Beginning at the top of the listing, repeat each line exactly until the line with "3 tuổi Tài Năng" has been repeated too.
↓
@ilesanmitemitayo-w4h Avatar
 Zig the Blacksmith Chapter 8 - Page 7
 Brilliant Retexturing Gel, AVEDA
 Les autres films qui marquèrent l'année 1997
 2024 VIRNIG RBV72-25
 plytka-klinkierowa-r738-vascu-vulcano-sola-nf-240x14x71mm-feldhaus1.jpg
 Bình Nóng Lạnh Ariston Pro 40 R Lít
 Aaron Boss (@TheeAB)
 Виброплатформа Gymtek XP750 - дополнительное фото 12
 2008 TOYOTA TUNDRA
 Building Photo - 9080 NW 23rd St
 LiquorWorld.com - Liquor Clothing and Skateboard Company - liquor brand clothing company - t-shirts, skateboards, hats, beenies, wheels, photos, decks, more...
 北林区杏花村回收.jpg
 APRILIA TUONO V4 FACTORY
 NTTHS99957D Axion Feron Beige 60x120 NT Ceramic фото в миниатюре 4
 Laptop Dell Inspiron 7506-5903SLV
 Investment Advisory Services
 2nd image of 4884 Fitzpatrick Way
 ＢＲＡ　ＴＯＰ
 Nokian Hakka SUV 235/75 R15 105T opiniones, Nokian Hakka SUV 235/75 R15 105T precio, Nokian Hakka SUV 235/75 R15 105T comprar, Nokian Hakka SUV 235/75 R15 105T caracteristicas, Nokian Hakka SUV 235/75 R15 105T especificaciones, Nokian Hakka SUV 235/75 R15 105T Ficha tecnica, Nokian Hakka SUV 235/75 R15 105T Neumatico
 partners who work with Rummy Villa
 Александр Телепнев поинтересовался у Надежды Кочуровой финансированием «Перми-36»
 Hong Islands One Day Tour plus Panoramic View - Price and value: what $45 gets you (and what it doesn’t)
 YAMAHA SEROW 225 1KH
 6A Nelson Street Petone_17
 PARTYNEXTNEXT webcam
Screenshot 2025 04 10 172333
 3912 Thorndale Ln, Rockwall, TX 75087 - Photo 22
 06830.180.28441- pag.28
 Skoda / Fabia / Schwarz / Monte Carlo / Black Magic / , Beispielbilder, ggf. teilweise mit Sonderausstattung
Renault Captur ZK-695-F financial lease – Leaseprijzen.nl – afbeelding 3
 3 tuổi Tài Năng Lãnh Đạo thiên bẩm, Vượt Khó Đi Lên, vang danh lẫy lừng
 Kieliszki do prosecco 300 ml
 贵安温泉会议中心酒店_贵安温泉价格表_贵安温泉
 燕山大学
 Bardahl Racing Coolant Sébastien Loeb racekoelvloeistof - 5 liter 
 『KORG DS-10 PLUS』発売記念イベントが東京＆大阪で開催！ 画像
↑
> [ANSWER BOX]
@ilesanmitemitayo-w4h Avatar
 Zig the Blacksmith Chapter 8 - Page 7
 Brilliant Retexturing Gel, AVEDA
 Les autres films qui marquèrent l'année 1997
 2024 VIRNIG RBV72-25
 plytka-klinkierowa-r738-vascu-vulcano-sola-nf-240x14x71mm-feldhaus1.jpg
 Bình Nóng Lạnh Ariston Pro 40 R Lít
 Aaron Boss (@TheeAB)
 Виброплатформа Gymtek XP750 - дополнительное фото 12
 2008 TOYOTA TUNDRA
 Building Photo - 9080 NW 23rd St
 LiquorWorld.com - Liquor Clothing and Skateboard Company - liquor brand clothing company - t-shirts, skateboards, hats, beenies, wheels, photos, decks, more...
 北林区杏花村回收.jpg
 APRILIA TUONO V4 FACTORY
 NTTHS99957D Axion Feron Beige 60x120 NT Ceramic фото в миниатюре 4
 Laptop Dell Inspiron 7506-5903SLV
 Investment Advisory Services
 2nd image of 4884 Fitzpatrick Way
 ＢＲＡ　ＴＯＰ
 Nokian Hakka SUV 235/75 R15 105T opiniones, Nokian Hakka SUV 235/75 R15 105T precio, Nokian Hakka SUV 235/75 R15 105T comprar, Nokian Hakka SUV 235/75 R15 105T caracteristicas, Nokian Hakka SUV 235/75 R15 105T especificaciones, Nokian Hakka SUV 235/75 R15 105T Ficha tecnica, Nokian Hakka SUV 235/75 R15 105T Neumatico
 partners who work with Rummy Villa
 Александр Телепнев поинтересовался у Надежды Кочуровой финансированием «Перми-36»
 Hong Islands One Day Tour plus Panoramic View - Price and value: what $45 gets you (and what it doesn’t)
 YAMAHA SEROW 225 1KH
 6A Nelson Street Petone_17
 PARTYNEXTNEXT webcam
Screenshot 2025 04 10 172333
 3912 Thorndale Ln, Rockwall, TX 75087 - Photo 22
 06830.180.28441- pag.28
 Skoda / Fabia / Schwarz / Monte Carlo / Black Magic / , Beispielbilder, ggf. teilweise mit Sonderausstattung
Renault Captur ZK-695-F financial lease – Leaseprijzen.nl – afbeelding 3
 3 tuổi Tài Năng Lãnh Đạo thiên bẩm, Vượt Khó Đi Lên, vang danh lẫy lừng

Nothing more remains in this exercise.